Episode 1: The Greenville Treaty of 1795 is not the beginning
It must have seemed commonsense to her, in a Gramscian sort of way.
“Can you tell me what I should read to study the history of this place?” I asked.
“What time frame are you looking for?” The librarian said.
She was delightful and genuinely tried to help. She gave me several recommendations.
And so I began. My wife hates it when I do this. I like to think out-loud, and I like to think with people. So I often turn what seems like a simple question that requires a simple answer into a complicated series of what sounds like verbal nonsense. I mumbled some things about what I knew about growing up in Kentucky, “I know a little of that history.” I explained that I have a general picture in my head of United States history from what I learned in high school, college, and graduate school. I have an intimate, though not exactly academic, understanding of the way this has shaped the material well-being and the quality of life of everyday people. “I do not always remember the details,” I said, “but I do know some of the basics.”
She was still listening, but I didn’t want to be awkward. I thought I should stop. She smiled like she might be interested in what I was talking about. I’m always eager to find people who care about the world we live in and how things ended up being the way they are. I always think that these might be people who want to participate in transforming the spaces we inhabit into beloved communities.
“I assume most people begin with industry. I get the need to want to begin that way,” I continued. “Industrialization was a season of rapid growth and development. A lot of that growth was in the form of industrial capital made on the backs of everyday people: Vanderbilt, Rockefeller, Caragie, Edison, J. P. Morgan, Ford. I can remember something about Akron being a site of a massive workers’ strike in the 1930s. I have some broad sense of how cities began to be developed, from the New Deal and after World War II. I know about how cities were planned to store and protect residential capital. I’ve been studying a little about the history of city planning, gentrification, and housing justice. I understand the temptation to begin here with the history of Akron. But I need to begin before the colonial expansion and the birth of industry. Before the industrial expansion and massive social investments and disinvestments. What was there before the people and land were traded for profit?”
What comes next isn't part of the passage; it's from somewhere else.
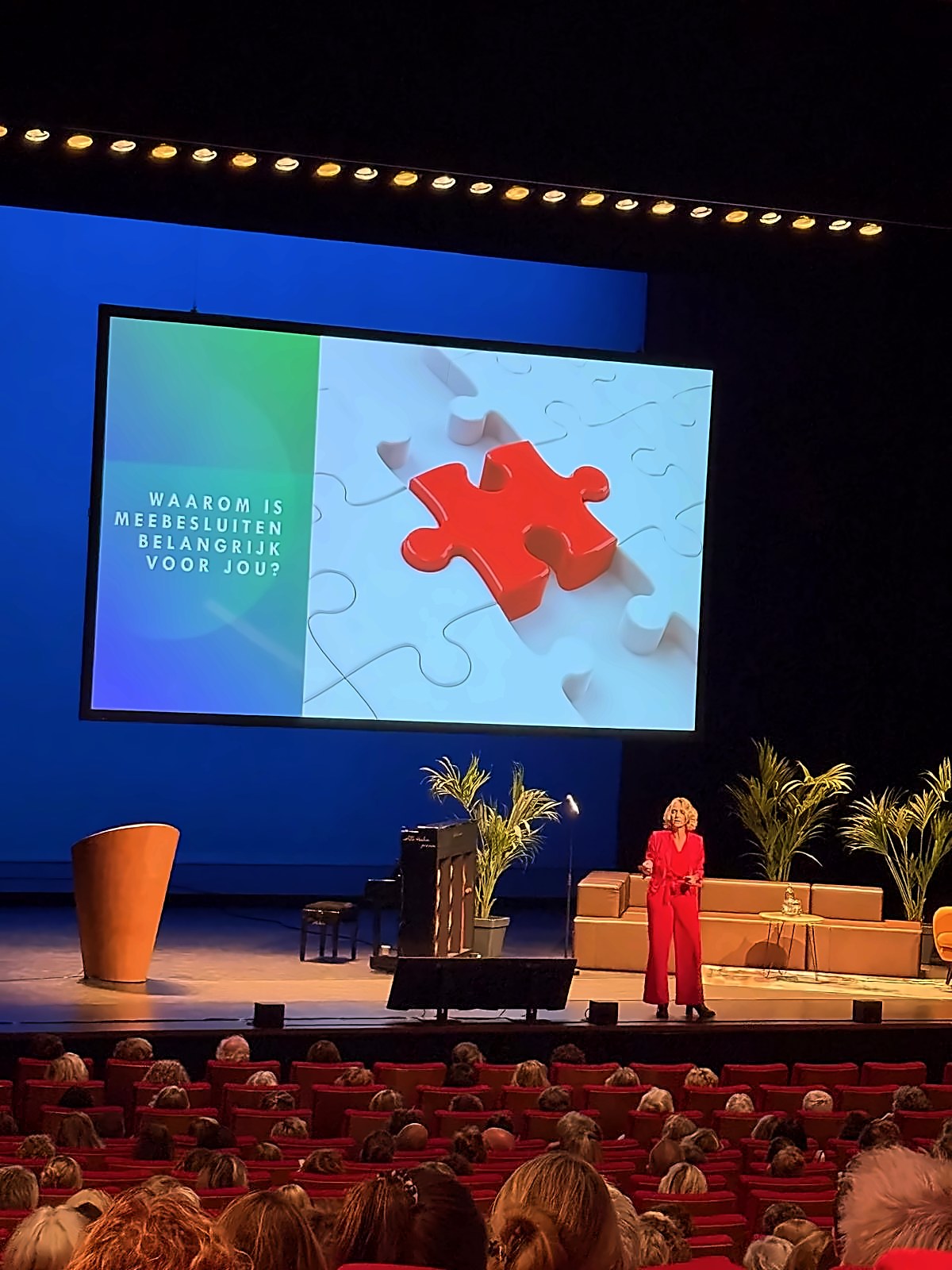 Anke Siegers op een groot podium voor een volle zaal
“I’m sorry,” she said. “Were you looking for something? Do you have a timeframe in mind?” She didn’t seem at all bothered by the short moment I took to reflect. She seemed to understand how seriously I took her question. “What time-frame did you want to read about?” she asked.
“In the beginning,” I said. “That is where all good stories start.”
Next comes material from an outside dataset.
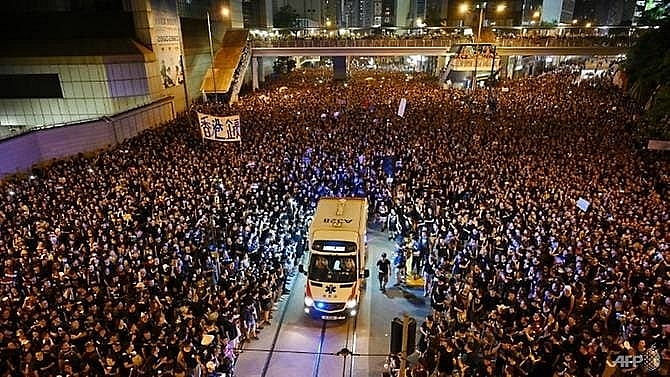 hong kong leader apologises after 2 million protesters take to streets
“Ah, yes! The beginning. Hmm…” She looked up a series of books and wrote down the call numbers. We walked down the aisle as she reached over and ran her fingers along the books on the shelf. The first book she handed me was brown, with a picture of a boat docked as people are getting on and off.
I opened to the first chapter: “In the Beginning.” [The book was from 2008, published by Kent State University Press, and written by Terry K. Woods, Ohio’s Grand Canal: A Brief History of the Ohio & Erie Canal.] In the beginning, I guessed the story would go, we settled this place and built a canal. The first paragraph tells about the importance of the canals of Ohio.
The canals of Ohio, once the mainstay of the state’s transportation system, shunted Ohio products out of the state and necessities for the good life. In just a little more than twenty-five years, these artificial waterways—and the men and women who lived and worked on or near them—transformed the state of Ohio from an isolated frontier, where farmers were unable to afford to ship their harvests to market, into a prosperous and influential agricultural and industrial power. (1)
Is this where the history of this place begins? Is this our “In the beginning” moment?
The author continues:
As per the Greenville Treaty of 1795, the western boundary of the United States was drawn south from Lake Erie along the Cuyahoga and Tuscarawas Rivers before veering to the west. The Treaty of Fort Industry in 1805 pushed that boundary even farther west into Ohio. Now, floods of settlers rushed into the “new west,” which included western Virginia, Kentucky, Ohio, and beyond.
The first thing these new settlers did upon arriving in Ohio was clear a tract of land, build a cabin, and plant crops… (1)
Is this the beginning? The story of the Grand Canal, if you take this account as it is written, looks like it begins with the arrival of the settlers who appear to be the first people to the newfound area. The clues to the truth underlying this “in the beginning” moment are actually in the first sentences of the story. What was it that opened the magic door of opportunity so that these new settlers could suddenly come in and build communities here? It was the Greenville Treaty of 1795 and then the Treaty of Fort Industry in 1805 that “pushed the boundary” so that “floods of settlers rushed” in.
I came back to the librarian. She smiled in a way that made me think that she was sharing in my excitement. “Did you find something?” She asked.
“What do you have on the Greenville Treaty of 1795? What do you have on the story of the Great Lakes before the Greenville Treaty?”
For the first time, she reminded me of her role. “I’m only a librarian. I don’t really know the history too well. Do you know how to use our catalogue?”